Chief Financial Commentator, CTV


There is nothing “average” about a millionaire millennial.

But a new report from Coldwell Banker shows they do exist, and reveals that the average millionaire millennial in the U.S. typically owns three properties and has a net worth between $1 million and $2.5 million.

And while there are clearly a number of millennials who don’t have that much wealth, they stand a good chance of becoming millionaires. The boomers, the largest living adult generation, are expected to transfer more than $68 trillion in wealth by 2030, according to the report.   

Given the transfer of wealth will be massive – and estate planning is such a crucial component of financial planning – it’s an important conversation to have. You can’t rule from the grave and you can’t take your money with you. So if your financial legacy is important to you, it’s up to you to ensure the conversation with your heirs happens sooner rather than later.

Here are a few considerations.

  • Don’t rush the conversation. Gently lean into it. Understand your heirs’ values on money may or may not align with yours. If helpful, recommend them to your advisor for a conversation recognizing it isn’t a guarantee this is who they will choose to work with in the future.
  • Take the time to explain what it took to acquire the wealth you have. This includes the lifestyle you have established and the choices you’ve made throughout your life.
  • Share your financial life. Include your heirs so they understand how they fit into your legacy. Don’t just think about the next generation but generations to come.

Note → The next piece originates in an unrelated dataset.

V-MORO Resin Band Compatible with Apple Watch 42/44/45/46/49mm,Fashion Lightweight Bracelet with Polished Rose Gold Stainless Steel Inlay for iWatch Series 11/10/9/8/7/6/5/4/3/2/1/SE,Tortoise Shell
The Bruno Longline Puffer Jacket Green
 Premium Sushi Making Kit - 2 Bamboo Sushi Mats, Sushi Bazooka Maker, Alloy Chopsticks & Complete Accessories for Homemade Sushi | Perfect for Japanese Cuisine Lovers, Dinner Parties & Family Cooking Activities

So often there is radio silence when either death or money is brought up. I get it – it’s uncomfortable because no one wants to think about their demise and privacy is often front and centre. However, it does help to have transparency when having sensitive discussions. It isn’t fair to only share selectively, and not provide the whole financial picture.

One last thought. Don’t make assumptions, because if you assume incorrectly, you might not be around to make things right. For example, not everyone feels comfortable managing money, can afford the family cottage, or act as a guardian for your children, etc.

When open and honest communication is lacking, mistakes will happen and your estate may or may not distributed according to your plans.